Activity
Could you print all the entries below exactly as they appear, omitting the pictures?

════

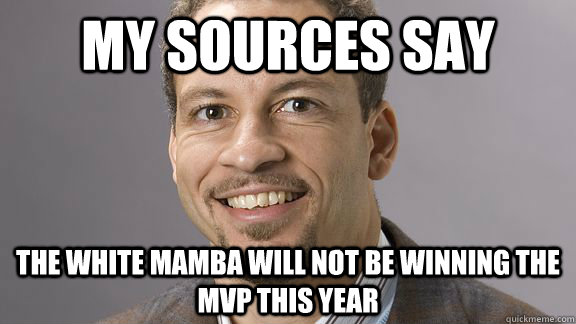 My sources say the white mamba will NOT be winning the MVP this year  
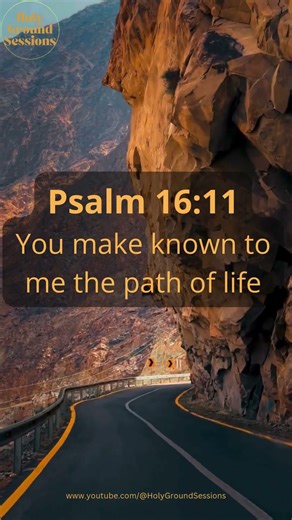 The Path of the Lord | Psalm 16:11 | Holy Ground Sessions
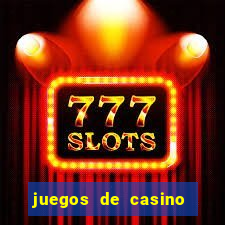 juegos de casino on line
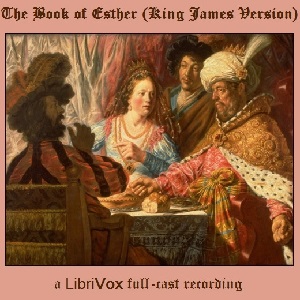 Аудіокнига Bible (KJV) 17: Esther (version 2 Dramatic Reading)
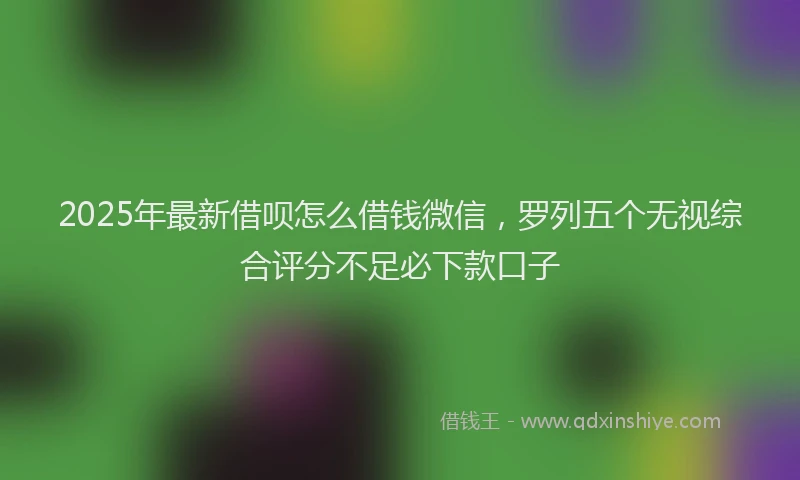2025年最新借呗怎么借钱微信，罗列五个无视综合评分不足必下款口子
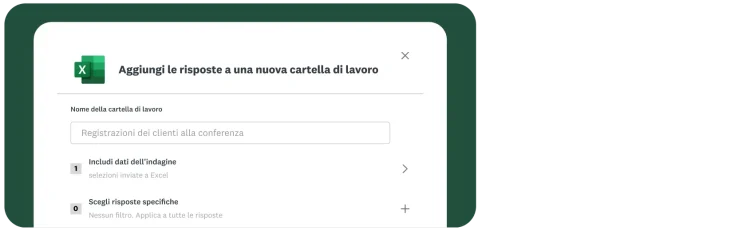 Una finestra pop-up intitolata "Aggiungi le risposte a una nuova cartella di lavoro" che mostra il logo di Excel e un campo per il nome della cartella di lavoro, "Registrazioni dei clienti alla conferenza". Sono visibili anche le opzioni "Includi dati dell'indagine" e "Scegli risposte specifiche".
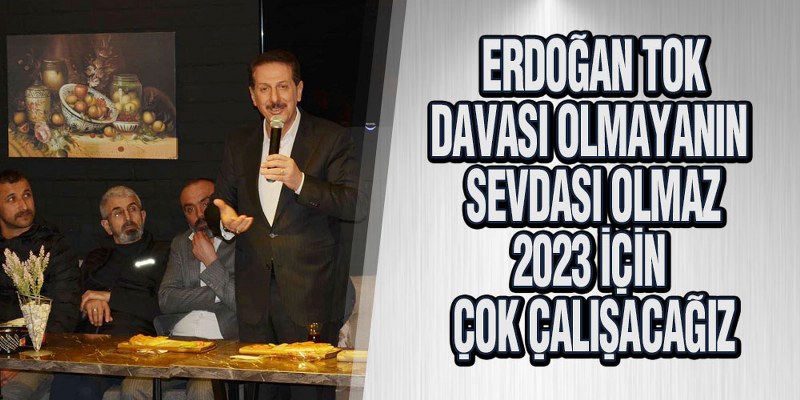 Tok, ‘2023 için çok çalışacağız’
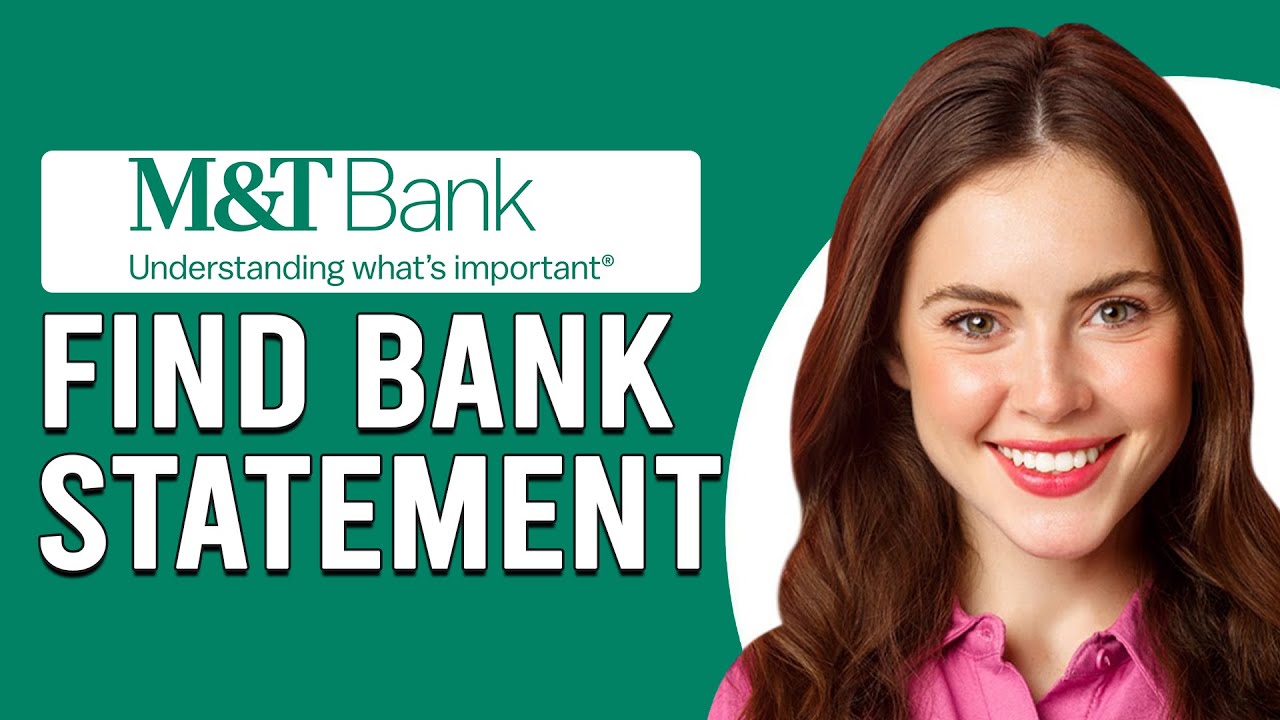 How To Find Bank Statement Online M&T (How Do You Get Your M&T Bank Statement Online?)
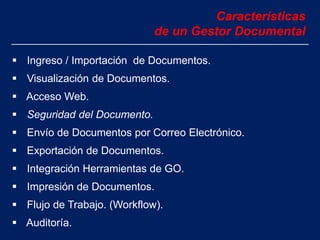 Características
de un Gestor Documental
 Ingreso / Importación de Documentos.
 Visualización de Documentos.
 Acceso Web.
 Seguridad del Documento.
 Envío de Documentos por Correo Electrónico.
 Exportación de Documentos.
 Integración Herramientas de GO.
 Impresión de Documentos.
 Flujo de Trabajo. (Workflow).
 Auditoría.
 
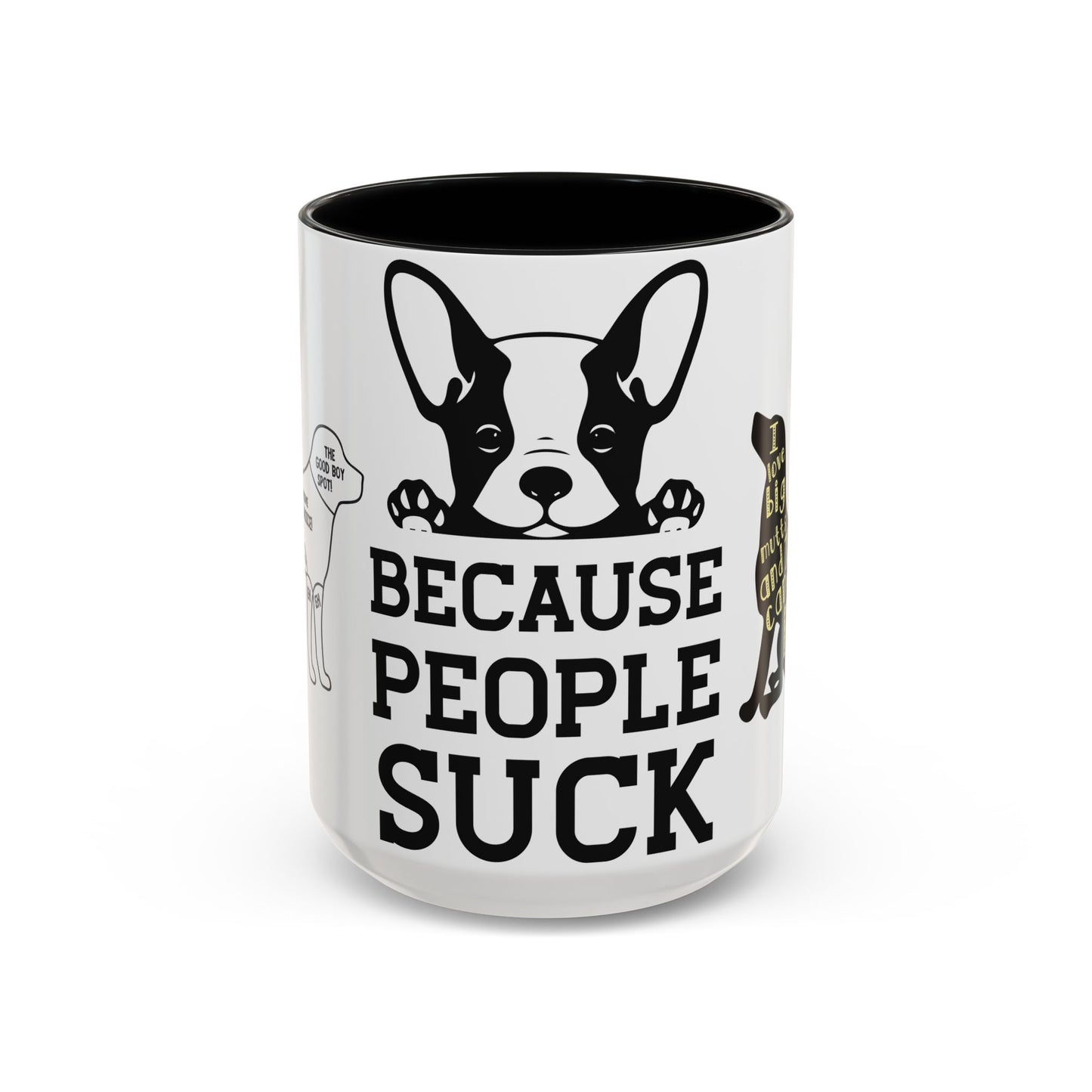 Because People Suck - Accent Coffee Mug (11, 15oz)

════

Response to the task
 My sources say the white mamba will NOT be winning the MVP this year  
 The Path of the Lord | Psalm 16:11 | Holy Ground Sessions
 juegos de casino on line
 Аудіокнига Bible (KJV) 17: Esther (version 2 Dramatic Reading)
2025年最新借呗怎么借钱微信，罗列五个无视综合评分不足必下款口子
 Una finestra pop-up intitolata "Aggiungi le risposte a una nuova cartella di lavoro" che mostra il logo di Excel e un campo per il nome della cartella di lavoro, "Registrazioni dei clienti alla conferenza". Sono visibili anche le opzioni "Includi dati dell'indagine" e "Scegli risposte specifiche".
 Tok, ‘2023 için çok çalışacağız’
 How To Find Bank Statement Online M&T (How Do You Get Your M&T Bank Statement Online?)
 Características
de un Gestor Documental
 Ingreso / Importación de Documentos.
 Visualización de Documentos.
 Acceso Web.
 Seguridad del Documento.
 Envío de Documentos por Correo Electrónico.
 Exportación de Documentos.
 Integración Herramientas de GO.
 Impresión de Documentos.
 Flujo de Trabajo. (Workflow).
 Auditoría.
 
 Because People Suck - Accent Coffee Mug (11, 15oz)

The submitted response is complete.